THE DATA section start

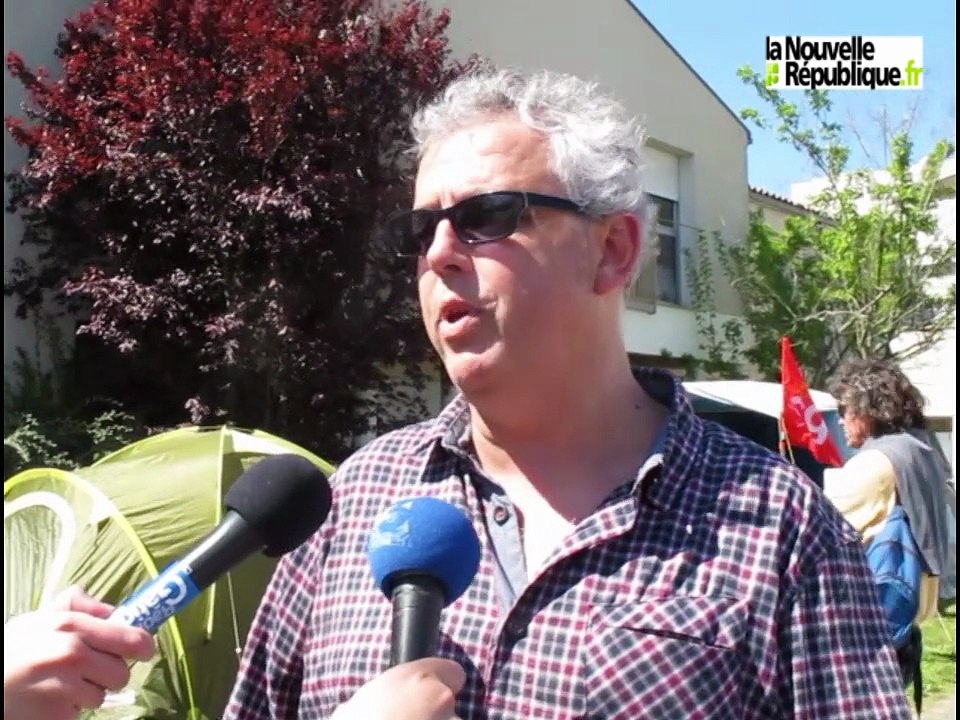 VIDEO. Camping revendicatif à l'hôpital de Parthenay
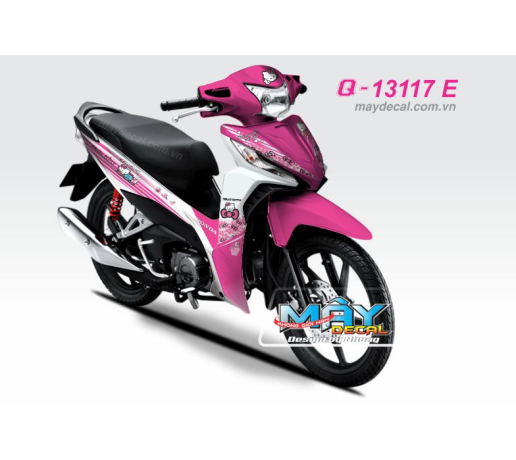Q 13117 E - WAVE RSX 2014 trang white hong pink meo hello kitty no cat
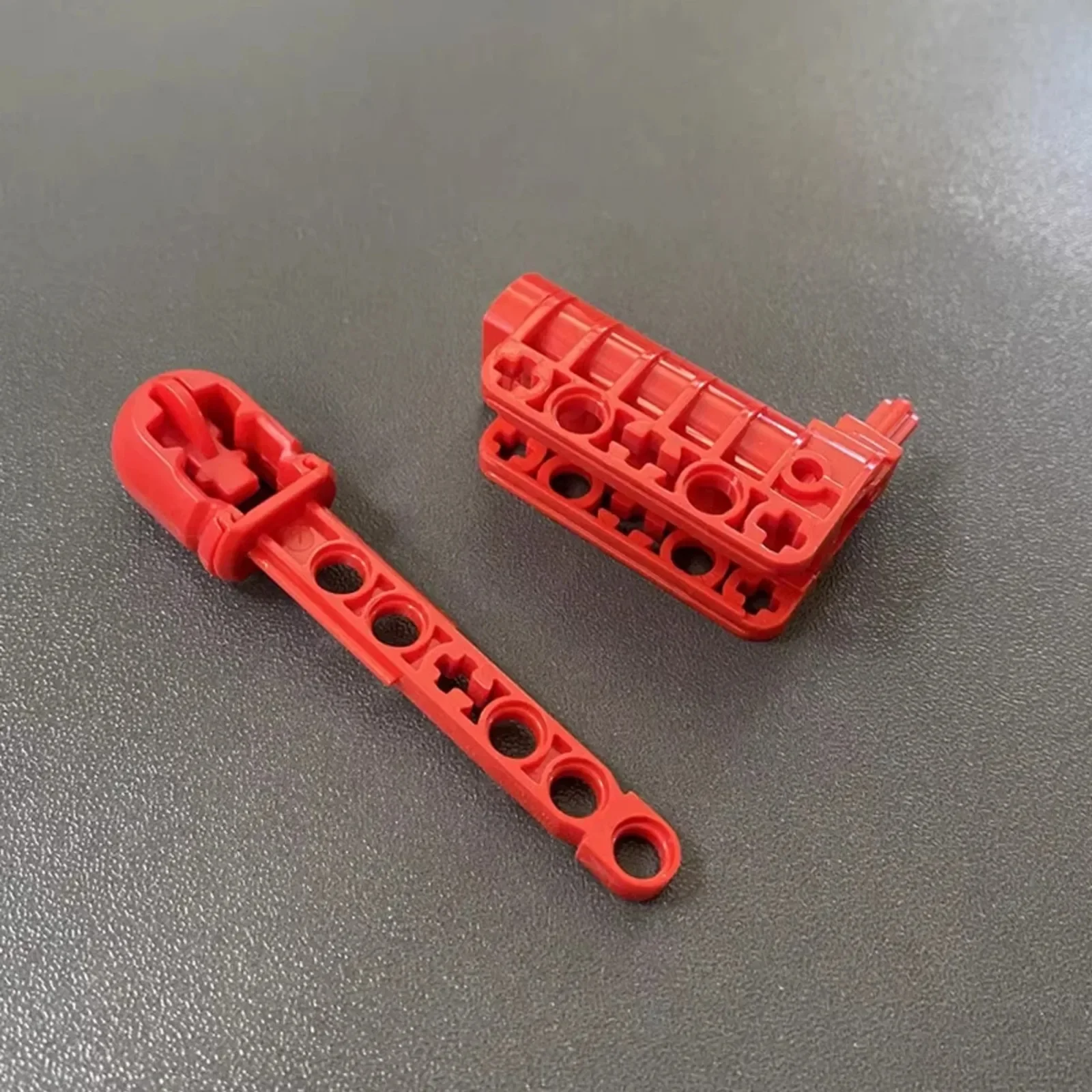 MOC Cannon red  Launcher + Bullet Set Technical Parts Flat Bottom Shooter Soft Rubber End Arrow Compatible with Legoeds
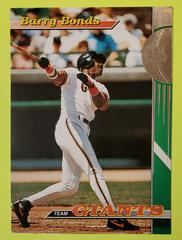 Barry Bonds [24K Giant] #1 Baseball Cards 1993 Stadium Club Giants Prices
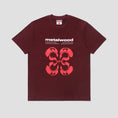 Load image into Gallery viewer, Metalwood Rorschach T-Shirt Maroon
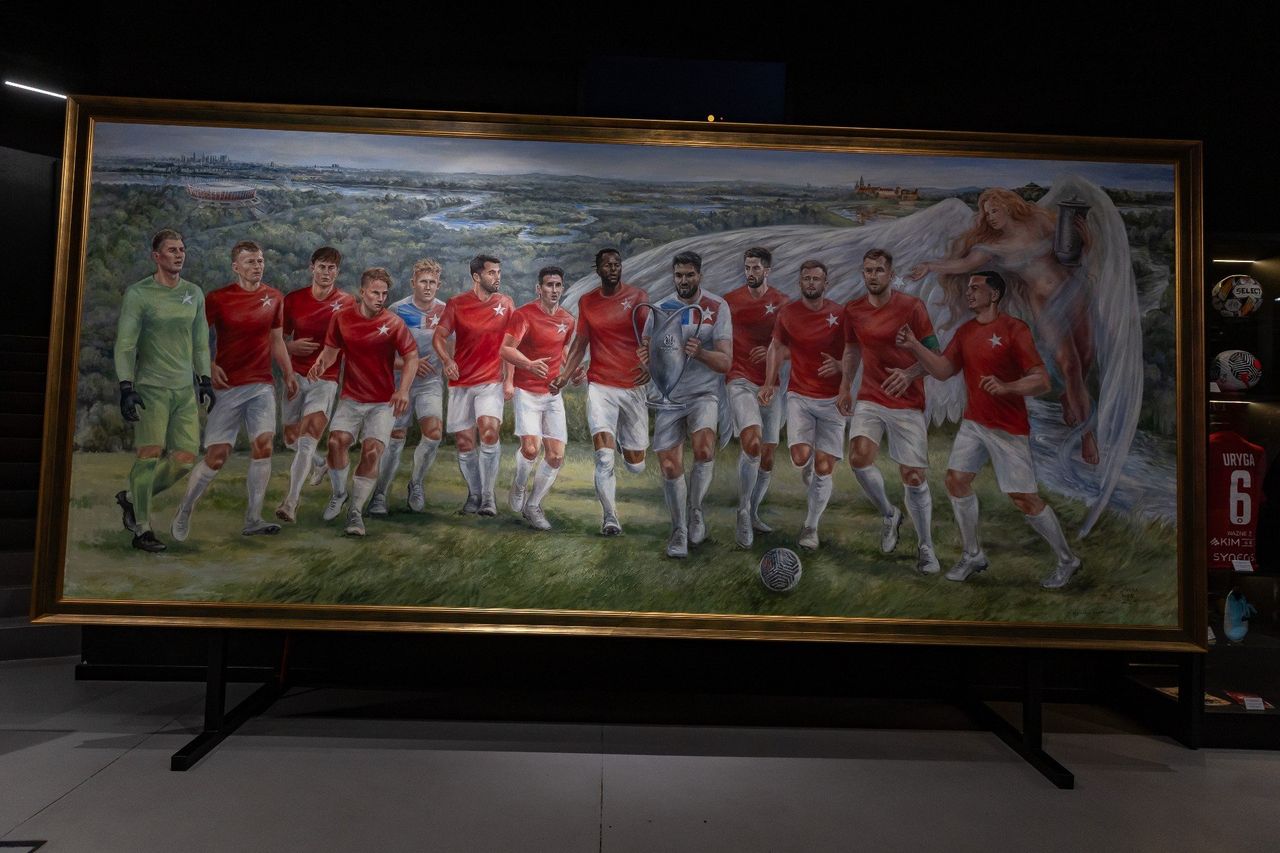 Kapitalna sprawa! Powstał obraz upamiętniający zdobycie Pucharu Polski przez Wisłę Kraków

THE DATA section end

GOAL OF THE EXERCISE: Could you reproduce the data above exactly, without its pictures?

PROBLEM SOLUTION:
 VIDEO. Camping revendicatif à l'hôpital de Parthenay
Q 13117 E - WAVE RSX 2014 trang white hong pink meo hello kitty no cat
 MOC Cannon red  Launcher + Bullet Set Technical Parts Flat Bottom Shooter Soft Rubber End Arrow Compatible with Legoeds
 Barry Bonds [24K Giant] #1 Baseball Cards 1993 Stadium Club Giants Prices
 Load image into Gallery viewer, Metalwood Rorschach T-Shirt Maroon
 Kapitalna sprawa! Powstał obraz upamiętniający zdobycie Pucharu Polski przez Wisłę Kraków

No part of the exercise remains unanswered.